Reportable Positions Definition

The Commitments of Traders (COT Report) has several key terms you need to understand before you can read the report. The key terms are, Open Interest, Reportable Positions, Commercial and Non-commercial Traders, Non-reportable Positions, Spreading, Changes in Commitments from Previous Reports, Percent of Open Interest, Number of Traders, Old and Other Futures, Concentration Ratios, and Supplemental Report.

Reportable Positions are clearing members who file daily reports with the Commission, such as, futures commission merchants, and foreign brokers (collectively called “reporting firms”).

Those reports show the futures and option positions of traders holding positions above specific reporting levels set by CFTC regulations, which are stated on the Commission’s website.

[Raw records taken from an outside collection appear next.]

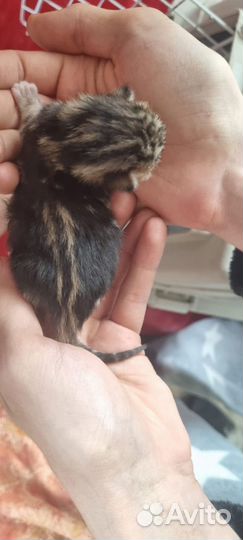 Бенгальский метис котята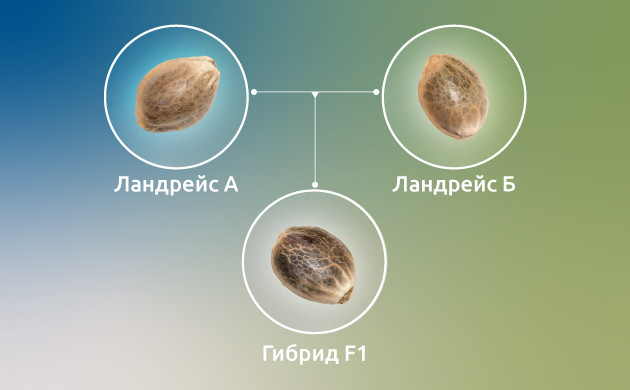 Гибриды F1 марихуаны Каннабис: гибриды F1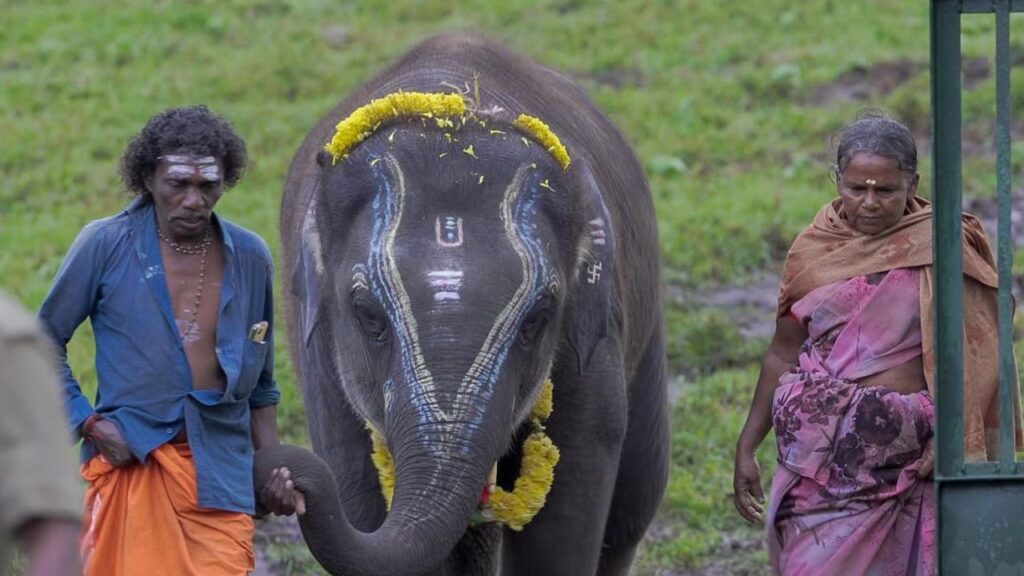 The Elephant Whisperers: The Story of Raghu and His Caregivers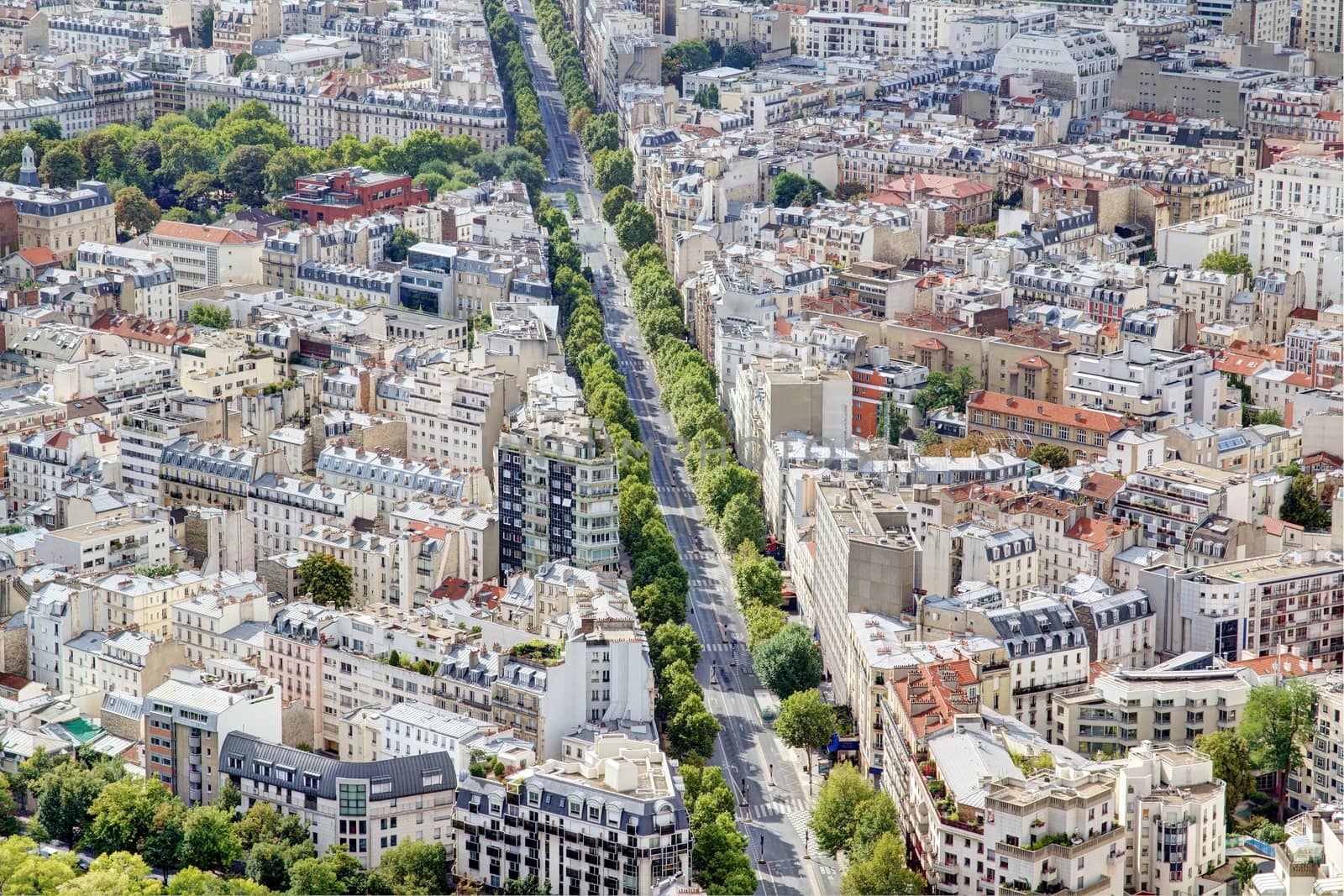 Photo shows Parisian cityscape taken on the skyscraper with various houses and monuments.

If, at the daily market close, a reporting firm has a trader with a position at or above the Commission’s reporting level in any single futures month or option expiration, then regardless of size, the firm reports the trader’s entire position in all futures and options expiration months in the commodity.

The aggregate of all traders’ positions reported to the Commission usually represents 70 to 90 percent of the total open interest in any given market.

From time to time, the Commission will raise or lower the reporting levels in specific markets to balance between collecting sufficient information or oversee the markets and minimizing the reporting burden on the futures industry.